Given information:
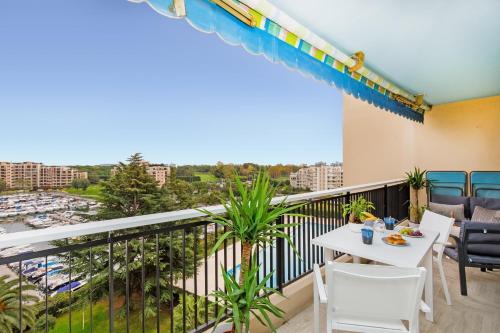 a balcony with a table and chairs and a view of a harbor at Appartement à 2 pas du golf in Mandelieu-la-Napoule
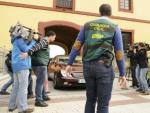 Agentes de la Unidad Central Operativa (UCO) de la Guardia Civil protegen la salida de un veh&iacute;culo en la sede de la Diputaci&oacute;n Provincial de Sevilla
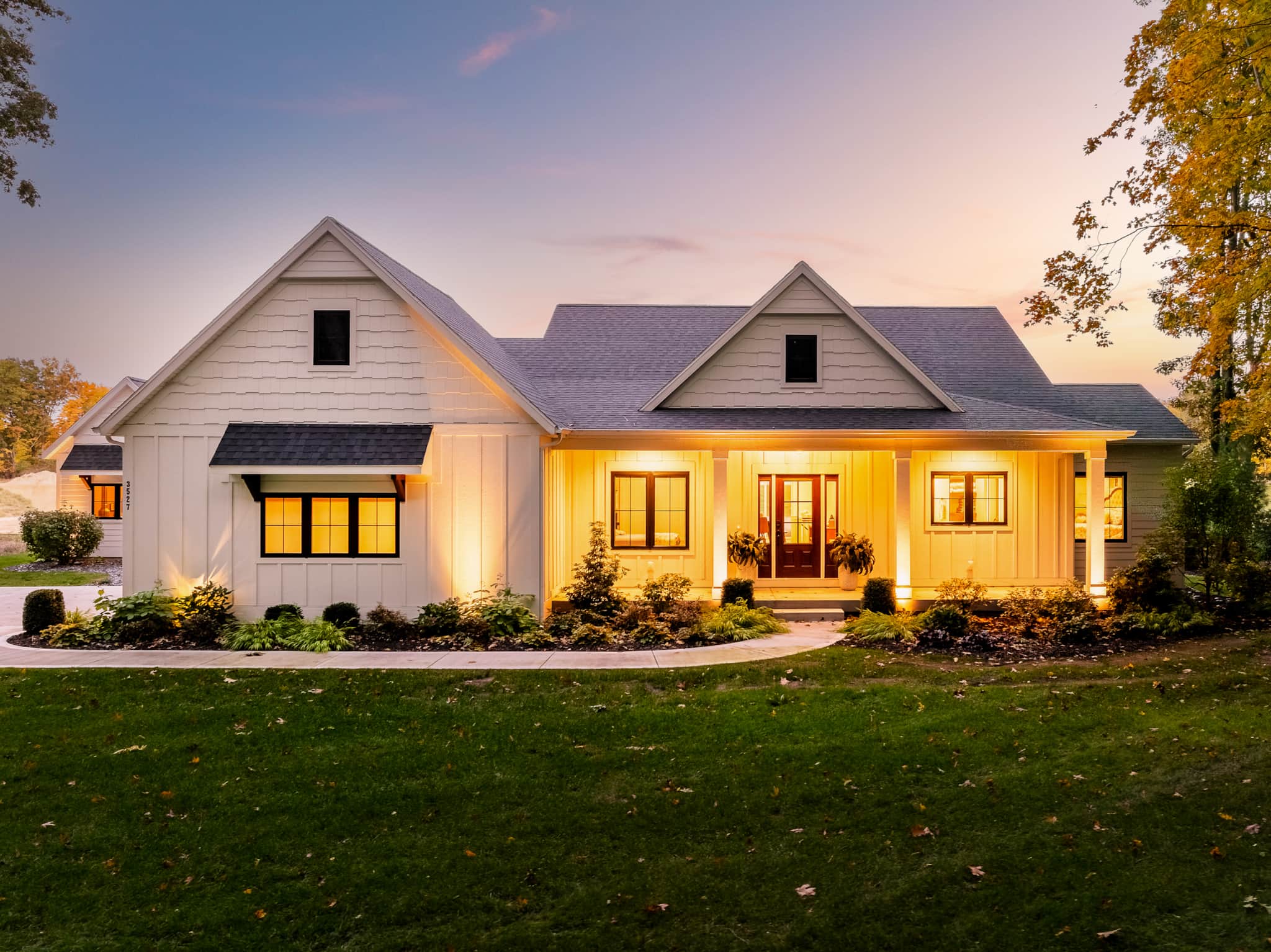Modern farmhouse-style vacation home glowing warmly at dusk, its white board-and-batten facade lit against a violet evening sky in Saugatuck, Michigan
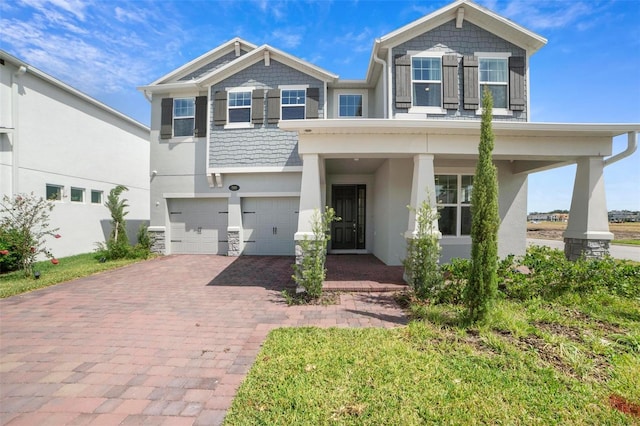 view of front of home featuring a garage and covered porch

Task item: Output the data above exactly; pictures do not belong in the copy.

Result of the task:
 a balcony with a table and chairs and a view of a harbor at Appartement à 2 pas du golf in Mandelieu-la-Napoule
 Agentes de la Unidad Central Operativa (UCO) de la Guardia Civil protegen la salida de un veh&iacute;culo en la sede de la Diputaci&oacute;n Provincial de Sevilla
Modern farmhouse-style vacation home glowing warmly at dusk, its white board-and-batten facade lit against a violet evening sky in Saugatuck, Michigan
 view of front of home featuring a garage and covered porch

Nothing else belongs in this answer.